This latest dispatch by Foster “reporting” from the climate deniers gathering in New York further undermines the Post as a legitimate media outlet. So one-sided and erroneous is their editorial position on climate science that it is best described as journalistic malpractice.
While the Post felt it important to send Foster to cover the Heartland denier’s conference, they of course neglected to send any reporters to cover the UN climate conference last year in Poland, or the current gathering of 2,000 leading climate scientists in Denmark.
I suppose it is simpler to avoid mixing ideology with any actual information.
Speaking of which, there is plenty of newsworthy material being revealed at the real climate conference in Copenhagen – all of it very topical (and terrifying).
The projected rise in sea level by 2100 has doubled since the latest IPCC assessment only two years ago to one meter “or more”. That would put at risk more than 600 million people currently living in low lying areas around the globe.
“The seas are undergoing much greater changes than those described in the IPCC report…Two or three years ago, those making this type of statement were seen as extremists,” said Eric Rignot of the University of California.
For years scientists believed this was merely a matter of rising temperature. Now researchers are realizing that glacial melt water also lubricates the flow of ice sheets towards the ocean – greatly accelerating their demise.
“In Greenland, we estimate that two-thirds of the cause of the glaciers’ disappearance is accelerated ice slide… In the Antarctic, the cause is 100 percent ice slide, and the speed-up there is exponential.”
Such positive feedbacks are the exactly the kinds of nasty surprises many researchers worry may propel the Earth into a radically different climate regime, as has happened many times before in the planet’s history.
There are other emerging booby prizes that illustrate the dangers of playing the chemistry of the planet’s atmosphere – something the National Post regularly advises their readership we should feel completely comfortable proceeding apace with.
Researchers are now concerned that natural processes that absorb billions of tonnes of CO2 spewed out by humans every year are beginning to shut down. Since we don’t even fully understand how these processes work, one would think it might be a good idea not to tinker with them.
For instance, recent research has shown that plankton shells are now 30% thinner than prior to the industrial revolution due to rising ocean acidity.
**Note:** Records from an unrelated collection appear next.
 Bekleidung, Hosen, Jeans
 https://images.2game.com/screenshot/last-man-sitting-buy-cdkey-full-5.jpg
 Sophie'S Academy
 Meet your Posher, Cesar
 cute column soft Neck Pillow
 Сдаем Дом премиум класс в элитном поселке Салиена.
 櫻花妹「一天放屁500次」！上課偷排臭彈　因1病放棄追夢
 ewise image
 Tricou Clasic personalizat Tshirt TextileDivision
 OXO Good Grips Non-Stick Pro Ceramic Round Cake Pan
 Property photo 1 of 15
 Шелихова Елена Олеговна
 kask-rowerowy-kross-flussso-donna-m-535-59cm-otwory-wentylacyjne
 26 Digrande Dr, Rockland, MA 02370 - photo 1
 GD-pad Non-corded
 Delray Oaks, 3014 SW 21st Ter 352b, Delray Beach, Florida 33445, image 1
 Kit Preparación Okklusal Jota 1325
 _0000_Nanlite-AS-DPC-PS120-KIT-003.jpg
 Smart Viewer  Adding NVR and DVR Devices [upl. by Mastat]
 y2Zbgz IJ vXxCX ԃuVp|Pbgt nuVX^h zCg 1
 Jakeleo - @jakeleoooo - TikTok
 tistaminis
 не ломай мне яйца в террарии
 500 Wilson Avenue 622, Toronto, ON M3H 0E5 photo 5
The world’s oceans currently absorb about 50% of global carbon emissions but there is a price: they are becoming more acidic – an increase of 32% in only the last 200 years.
So why should we care about plankton? These tiny plants and animals make up the foundation of the ocean food web. If they loose the ability to make their shells due to our impact on ocean chemistry – that is bad news.
“The oceans play a vital role in the earth’s climate and other natural systems which are all interconnected. By blindly meddling with one part of this complex mechanism, we run the risk of unwittingly triggering far reaching effects,” said Professor Raven, Chair of the Royal Society working group on ocean acidification
There is also growing evidence that oceans are losing their ability to mop up our emissions mess. A study in 2007 revealed that marine absorption of carbon in the Atlantic had halved in only ten years. Similar results were reported recently in Sea of Japan.
“It is a tremendous surprise and very worrying because there were grounds for believing that in time the ocean might become ‘saturated’ with our emissions – unable to soak up any more, ” reported the BBC. If true, that would “leave all our emissions to warm the atmosphere”.
But what the hay? I’m sure those folks at the National Post and Heartland Institute have it all figured out. After all, who are you going to believe – a bunch of egghead scientists, or courageous skeptics like Christopher Walter Monckton, 3rd Viscount Monckton of Brenchley?
As dutifully parroted by Foster and the National Post, the assembled luminaries in New York aren’t worried about climate change at all.
Myron Ebell of the Competitive Enterprise Institute hectored the crowd that climate change is all a bunch of hooey. He believes voters should instead only ask politicians one question: “Why do you want to raise my energy prices?”
Then again, his employer received more than $2 million from ExxonMobil since 1998.
But as I often enjoy asking, what does money have to do with anything?